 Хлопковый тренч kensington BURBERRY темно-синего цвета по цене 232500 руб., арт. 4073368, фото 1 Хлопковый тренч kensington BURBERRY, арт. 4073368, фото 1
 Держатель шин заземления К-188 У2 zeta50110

━━━

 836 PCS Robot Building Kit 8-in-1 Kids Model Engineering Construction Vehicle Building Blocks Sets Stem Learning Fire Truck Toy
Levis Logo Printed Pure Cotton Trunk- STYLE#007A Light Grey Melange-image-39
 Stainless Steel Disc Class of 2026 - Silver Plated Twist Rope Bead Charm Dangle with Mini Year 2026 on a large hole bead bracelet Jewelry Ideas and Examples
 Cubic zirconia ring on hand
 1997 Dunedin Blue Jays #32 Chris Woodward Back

━━━

Aim of the exercise:
Could you restate, word for word, the lines above from the one with "Хлопковый тренч kensington BURBERRY темно-синего" to the one with "Держатель шин заземления К-188 У2 zeta50110", both included?

Finished task:
 Хлопковый тренч kensington BURBERRY темно-синего цвета по цене 232500 руб., арт. 4073368, фото 1 Хлопковый тренч kensington BURBERRY, арт. 4073368, фото 1
 Держатель шин заземления К-188 У2 zeta50110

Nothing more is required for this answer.